However, it's all about the Street Fighter cross Tekken arcade cabinet replica piggy bank.


----------



## Armadillo (Mar 3, 2021)

PC for the flexibility really, not fussed about who has the best graphics.

Can pretty much use whatever controller/control setup I want.
Backwards compatibility going back near enough forever.
Settings on games. Up to you whether you want the shiny graphics or lower to chase high fps. Consoles are getting better here, but it's still mostly a preset quality or fps setting. PC, don't like crap like motion blur, lens flare or chromatic aberration off it goes. Same for multiplayer, distracting settings/things that impact visiblity, off they go. Awful colour filters like the blue one that was on older Battlefield games, reshade can sort it.
Mods.

As long as console are a closed setup, where for the most part you get what you are given, then they won't be my main platform.


----------



## Jokey_Carrot (Mar 3, 2021)

Lilith Valentine said:


> For what? I have a gut feeling this is about something I don’t pay for.


For ps plus or xbox live


----------



## SAIYAN48 (Mar 3, 2021)

PC almost always; classic games are fun on their original consoles.


----------



## Julie_Pilgrim (Mar 3, 2021)

smallissue said:


> However, it's all about the Street Fighter cross Tekken arcade cabinet replica piggy bank.
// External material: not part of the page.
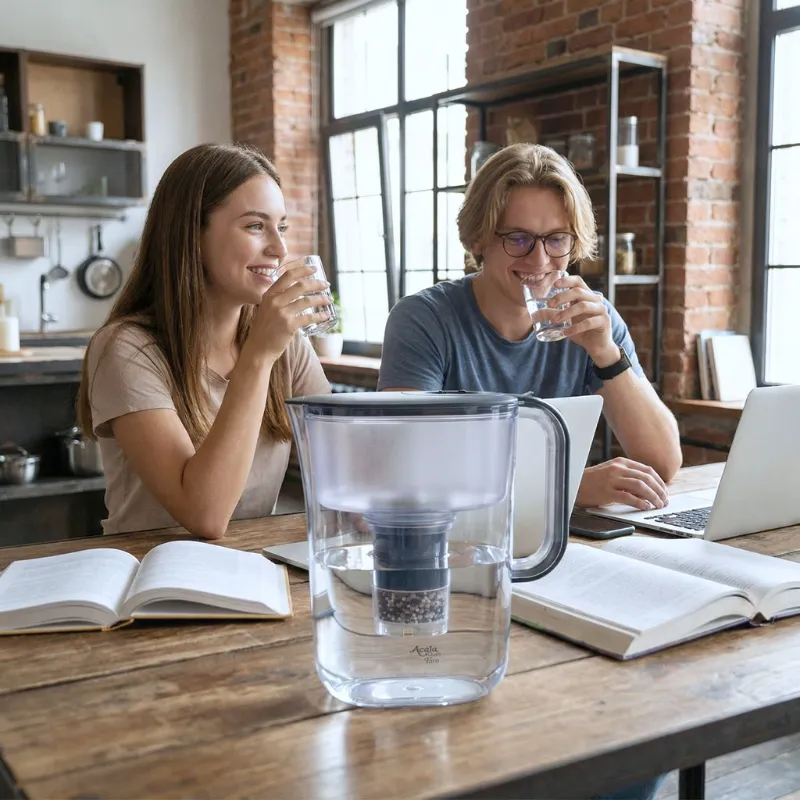 Zwei junge Menschen sitzen bei lernen und im Vordergrund steht der Kannenfilter Taro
Puh-lease, peasant, everyone knows leapfrog is superior


----------



## The Catboy (Mar 3, 2021)

Jokey_Carrot said:


> For ps plus or xbox live


That's fair, it would be nice if they gave a free option for those again.


----------



## D34DL1N3R (Mar 3, 2021)

PC for multi-platform titles and Microsoft exclusives. PlayStation and Nintendo for their respective exclusives. I don't know whats so difficult about that unless a person can't afford more than one option.


----------



## Alexander1970 (Mar 3, 2021)

....again in such "u.s.p." Polls from Polly I miss the *"Both"* Option.....


----------



## spotanjo3 (Mar 3, 2021)

You should add both. I use both beecause some dont come to Sony, Nintendo so I go with PC. I have both.


----------



## D34DL1N3R (Mar 3, 2021)

Jokey_Carrot said:


> $60 a year.



If you're paying $60 a year, you're doing it wrong. You can get PS Plus nearly all year for $35. Don't own an Xbox but I imagine it's probably the same.


----------



## Alexander1970 (Mar 3, 2021)

Complaints,King Polly !!!



alexander1970 said:


> ....again in such "u.s.p." Polls from Polly I miss the *"Both"* Option.....





spotanjo3 said:


> You should add both. I use both beecause some dont come to Sony, Nintendo so I go with PC. I have both.


----------



## Sonic Angel Knight (Mar 3, 2021)

I like my consoles, it comes with a controller. I don't get the same thing with my pc purchases. 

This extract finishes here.